# Data to use
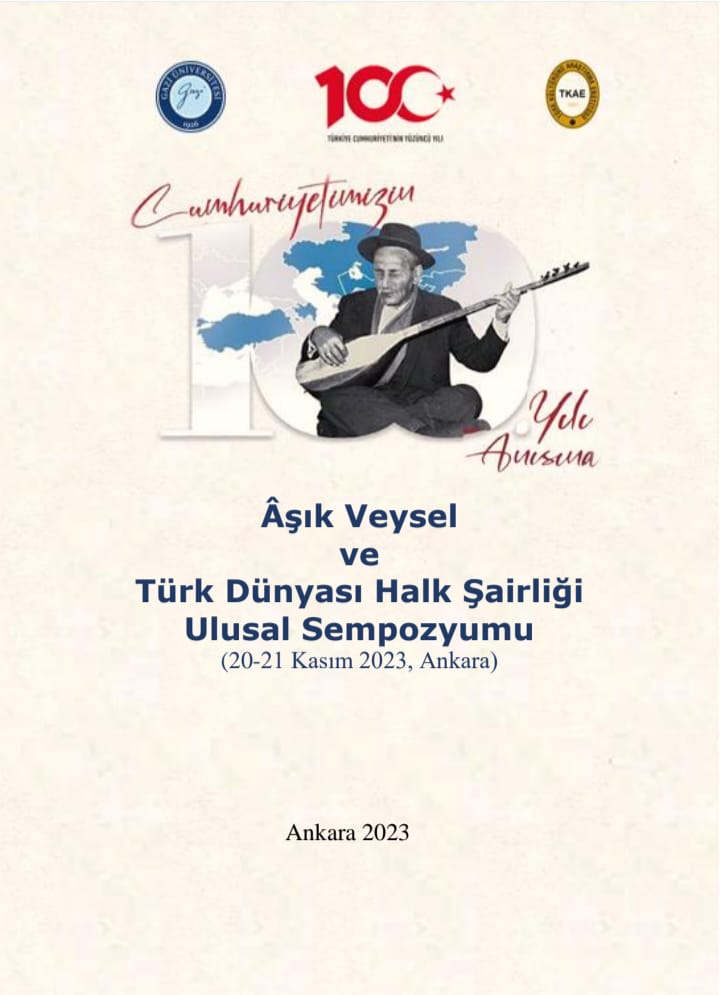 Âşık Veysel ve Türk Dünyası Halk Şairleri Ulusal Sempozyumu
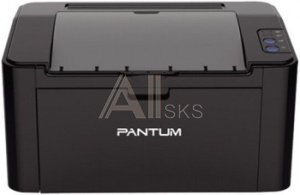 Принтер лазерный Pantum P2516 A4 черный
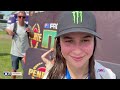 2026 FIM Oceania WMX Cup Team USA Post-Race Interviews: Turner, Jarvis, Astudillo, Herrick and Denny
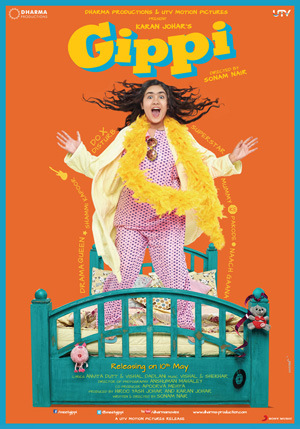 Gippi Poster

==

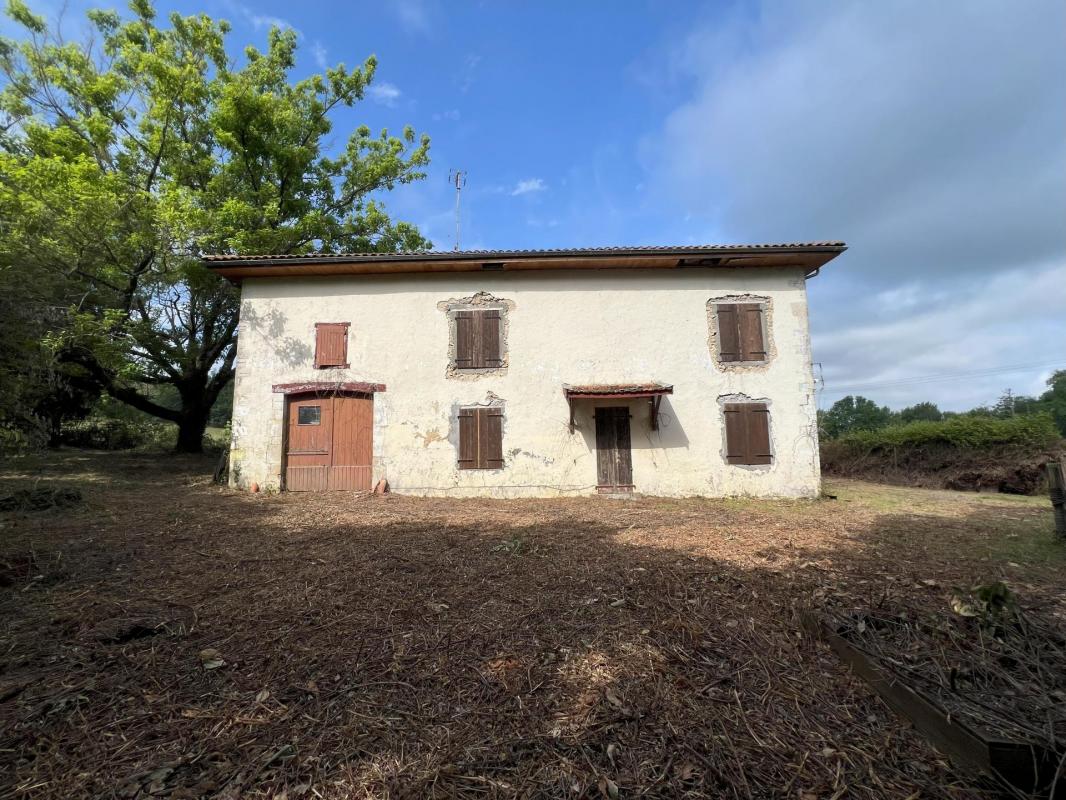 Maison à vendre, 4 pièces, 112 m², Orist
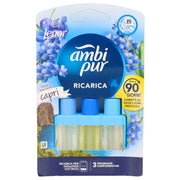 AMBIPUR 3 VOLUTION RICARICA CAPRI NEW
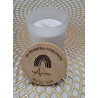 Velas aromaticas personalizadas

# Activity
Go to the line above that contains "Âşık Veysel ve" and reproduce everything exactly from there through the line that contains "Gippi Poster", leaving out the pictures.

# Exercise response
 Âşık Veysel ve Türk Dünyası Halk Şairleri Ulusal Sempozyumu
 Принтер лазерный Pantum P2516 A4 черный
 2026 FIM Oceania WMX Cup Team USA Post-Race Interviews: Turner, Jarvis, Astudillo, Herrick and Denny
 Gippi Poster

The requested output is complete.